Halbzeit auf Gut Immling

Halfing - Die erste Hälfte des Opernfestivals auf Gut immling ist schon wieder vorbei. Die Höhepunkte waren Carmen, die Spanische und die Romantische Nacht.

„Freude, schöner Götterfunken“ – mit dieser weltberühmten Dichterzeile begann das „14. Opernfestival Gut Immling“ unter der Intendanz von Ludwig Baumann am Sonntag, 20. Juni. Im 700-Plätze-Festspielhaus erklang Beethovens 9. Sinfonie, gespielt vom Radio Sinfonie Orchester Pilsen unter der musikalischen Leiterin des Festivals, Cornelia von Kerssenbrock. Inmitten des Festspielsommers kann man sagen: Dieses geflügelte Wort passt hervorragend auf alle bisherigen Aufführungen (bis Mitte Juli), die vom göttlichen Sommerwetter ebenso verwöhnt wurden wie vom Zuspruch des begeisterten Publikums und der Kritik:

Einer ständigen Entwicklung folgend, hat sich die Vision Ludwig Baumanns, fernab der Städte große Oper zu gestalten, längst erfüllt und das Opernfestival hat sich vom Geheimtipp für Kulturliebhaber zu einem der Höhepunkte im bayerischen Festspielkalender gemausert. Dabei zielt das Festivalkonzept nicht nur auf die ausgemachten Opernliebhaber ab, vielmehr macht es Oper allen Bevölkerungsschichten zugänglich: Mit einem Gesamtpaket aus Kulturerlebnis, kulinarischem Genuss, reizvoller Landschaft und bayerischer Gemütlichkeit. Anders als in den großen Opernhäusern geht es hier kommod zu, die steife Abendrobe weicht schon mal dem Dirndl und zur Pause kann man mit etwas Glück den Sonnenuntergang im Freien genießen.

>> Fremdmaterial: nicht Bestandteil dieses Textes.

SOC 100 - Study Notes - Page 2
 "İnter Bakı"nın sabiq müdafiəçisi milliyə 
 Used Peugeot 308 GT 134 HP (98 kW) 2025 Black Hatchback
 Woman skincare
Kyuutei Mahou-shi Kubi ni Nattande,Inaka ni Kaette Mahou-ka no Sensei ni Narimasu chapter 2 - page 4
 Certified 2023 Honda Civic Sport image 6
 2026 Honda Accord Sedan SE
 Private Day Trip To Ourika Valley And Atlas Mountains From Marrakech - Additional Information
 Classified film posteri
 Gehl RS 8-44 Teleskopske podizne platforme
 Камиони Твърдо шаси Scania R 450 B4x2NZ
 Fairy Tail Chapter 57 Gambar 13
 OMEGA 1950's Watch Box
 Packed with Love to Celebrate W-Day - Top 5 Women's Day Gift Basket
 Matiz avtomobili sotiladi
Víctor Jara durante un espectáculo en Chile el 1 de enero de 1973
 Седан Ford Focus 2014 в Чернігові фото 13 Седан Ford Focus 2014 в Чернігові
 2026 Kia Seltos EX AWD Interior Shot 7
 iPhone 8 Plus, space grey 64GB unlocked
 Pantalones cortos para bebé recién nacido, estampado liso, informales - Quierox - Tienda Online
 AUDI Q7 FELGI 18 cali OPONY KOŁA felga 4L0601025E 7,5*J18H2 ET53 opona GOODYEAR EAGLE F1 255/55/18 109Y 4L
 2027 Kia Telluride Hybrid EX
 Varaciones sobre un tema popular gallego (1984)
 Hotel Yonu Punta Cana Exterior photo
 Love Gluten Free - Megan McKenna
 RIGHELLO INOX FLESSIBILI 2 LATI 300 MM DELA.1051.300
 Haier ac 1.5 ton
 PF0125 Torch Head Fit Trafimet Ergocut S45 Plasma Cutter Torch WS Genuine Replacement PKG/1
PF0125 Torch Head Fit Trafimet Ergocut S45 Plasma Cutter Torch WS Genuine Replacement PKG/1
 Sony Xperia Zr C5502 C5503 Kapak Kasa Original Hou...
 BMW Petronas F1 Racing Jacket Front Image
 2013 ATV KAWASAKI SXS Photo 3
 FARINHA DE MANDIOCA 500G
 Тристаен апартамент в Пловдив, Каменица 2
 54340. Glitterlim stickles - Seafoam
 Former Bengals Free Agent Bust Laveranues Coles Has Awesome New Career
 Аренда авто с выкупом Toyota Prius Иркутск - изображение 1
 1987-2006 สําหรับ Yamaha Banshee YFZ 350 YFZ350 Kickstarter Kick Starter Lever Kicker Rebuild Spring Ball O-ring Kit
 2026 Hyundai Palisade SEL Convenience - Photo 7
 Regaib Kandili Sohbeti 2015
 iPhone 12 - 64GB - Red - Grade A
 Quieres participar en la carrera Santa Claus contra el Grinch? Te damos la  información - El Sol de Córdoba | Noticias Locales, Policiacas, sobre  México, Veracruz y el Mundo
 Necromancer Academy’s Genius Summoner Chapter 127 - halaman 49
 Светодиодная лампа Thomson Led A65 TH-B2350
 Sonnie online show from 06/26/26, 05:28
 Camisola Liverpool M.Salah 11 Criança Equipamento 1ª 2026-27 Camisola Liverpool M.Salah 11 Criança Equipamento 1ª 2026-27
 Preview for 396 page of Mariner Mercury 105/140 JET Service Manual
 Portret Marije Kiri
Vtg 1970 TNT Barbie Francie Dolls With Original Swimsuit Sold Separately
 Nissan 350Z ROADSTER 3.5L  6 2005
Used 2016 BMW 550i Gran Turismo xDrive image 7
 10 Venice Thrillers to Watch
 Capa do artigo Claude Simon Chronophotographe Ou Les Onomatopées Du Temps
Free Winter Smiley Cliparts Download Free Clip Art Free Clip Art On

Bei der ersten Opernpremiere (25. Juni) ist Gut Immling Bayreuth ein Stück näher gerückt, denn die erste Wagner-Oper ist auf „Bayerns zweitem grünen Hügel“ zu sehen: „Der fliegende Holländer“, Richard Wagners romantische Oper über den verfluchten Holländer, den nur die wahre Liebe einer Frau, Senta, erlösen kann.

Bühnenbildner ist der Unternehmer Claus Hipp, Regisseurin Verena von Kerssenbrock mischt in ihrer Inszenierung Elemente des 18. und 20. Jahrhunderts. Es spielen die Münchner Symphoniker unter Cornelia von Kerssenbrock. Den Holländer singt der gefeierte russische Bariton Dimitri Kharitonov, die Senta Inga Balabanova bzw. alternierend Hélène Bernardy, ihren Vater Daland Bass Marek Gasztecki, den liebenden Erik Ralf Willershäuser, die Mary Snejinka Avramova vom Münchner Gärtnerplatztheater und den Steuermann Giorgio Valenta. Einen Tag darauf folgte die Spanische Nacht, eine stimmungsvolle Feria mit andalusischen Pferden, bei der auf Gut Immling dank Paella, Sangria und mediterranen Abendtemperaturen wahrhaft spanische Atmosphäre herrschte. Das Programm hatte Star-Reiterin Andrea Kahn zusammengestellt – mit vielen ihrer Reiter-Kollegen, der mitreißenden Flamenco-Gruppe „La Puerta Flamenca“ und Immlings Sängern.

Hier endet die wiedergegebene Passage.